**Assignment:** Give every line of the data again, unchanged, but with no pictures.

**Data:**

*** Begin section ***

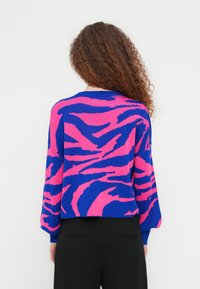 Γυναίκα με σγουρά μαλλιά, ντυμένη με πουλόβερ σε μπλε και ροζ αφηρημένο σχέδιο και μαύρο παντελόνι, στέκεται αντικρίζοντας μια λευκή τοιχοποιία.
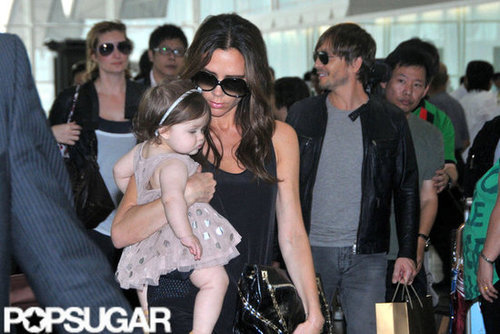 Victoria Beckham carried daughter Harper Beckham at the Hong Kong airport.
Victoria Beckham carried daughter Harper Beckham at the Hong Kong airport.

*** End section ***

**Solution to the exercise:**
 Γυναίκα με σγουρά μαλλιά, ντυμένη με πουλόβερ σε μπλε και ροζ αφηρημένο σχέδιο και μαύρο παντελόνι, στέκεται αντικρίζοντας μια λευκή τοιχοποιία.
 Victoria Beckham carried daughter Harper Beckham at the Hong Kong airport.
Victoria Beckham carried daughter Harper Beckham at the Hong Kong airport.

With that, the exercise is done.